> **Task directions**
Nothing outside the range is wanted. Repeat exactly the lines below from the one with "Gold cuff watch" through the one with "Detailreiche Modellbauszene mit".

> **Dataset entries**

::::::

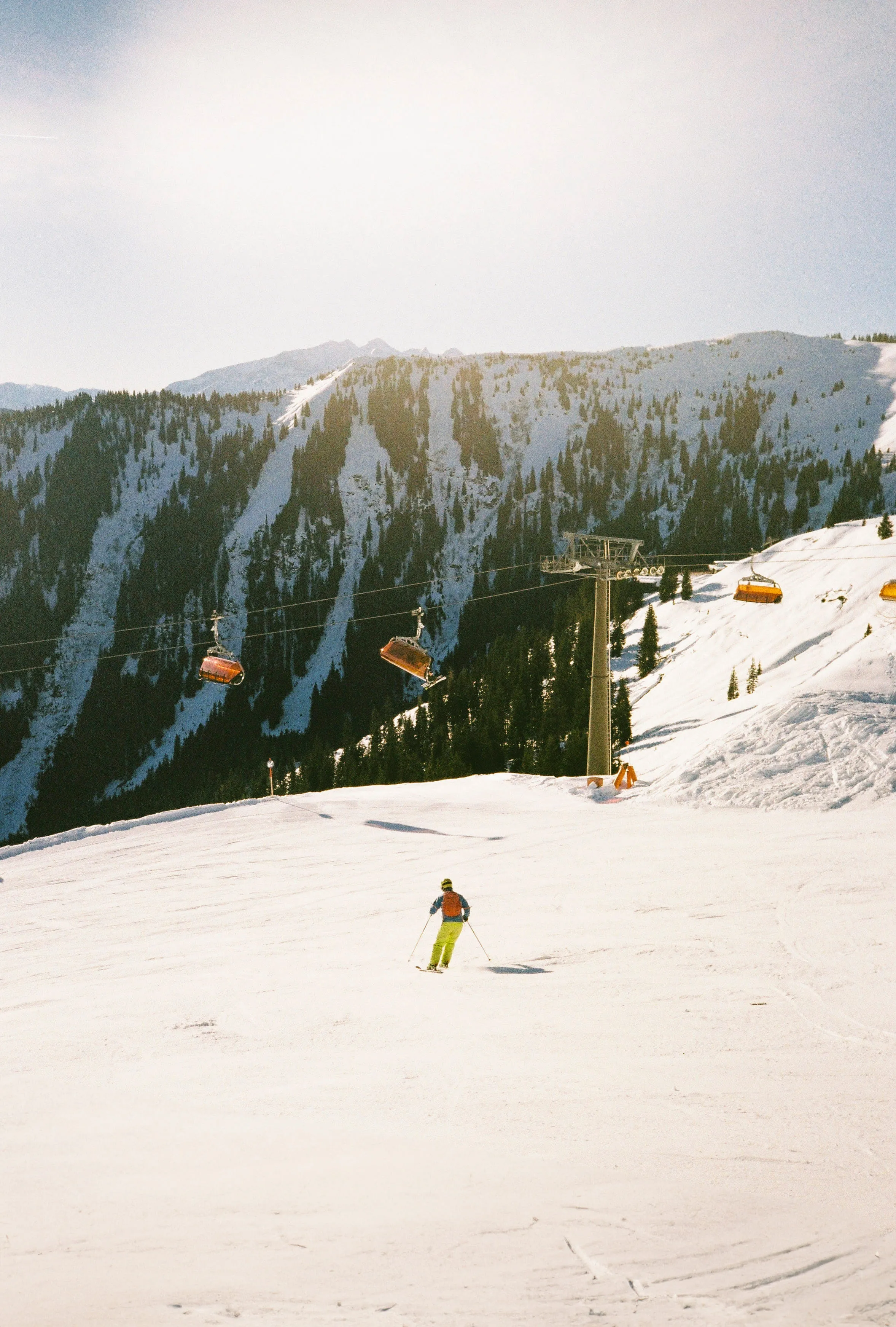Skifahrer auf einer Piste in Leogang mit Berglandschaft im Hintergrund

::::::

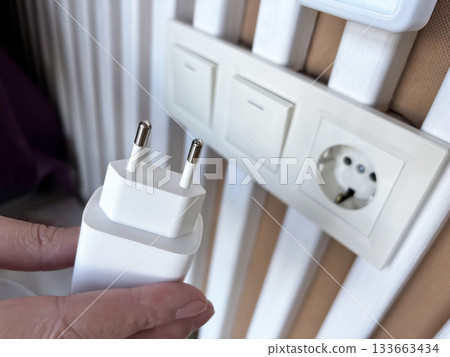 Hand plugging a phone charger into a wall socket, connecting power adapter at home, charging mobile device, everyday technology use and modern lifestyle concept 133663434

::::::

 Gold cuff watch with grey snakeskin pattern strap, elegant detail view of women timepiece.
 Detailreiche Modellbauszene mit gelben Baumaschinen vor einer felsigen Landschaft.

::::::

> **Task solution**
 Gold cuff watch with grey snakeskin pattern strap, elegant detail view of women timepiece.
 Detailreiche Modellbauszene mit gelben Baumaschinen vor einer felsigen Landschaft.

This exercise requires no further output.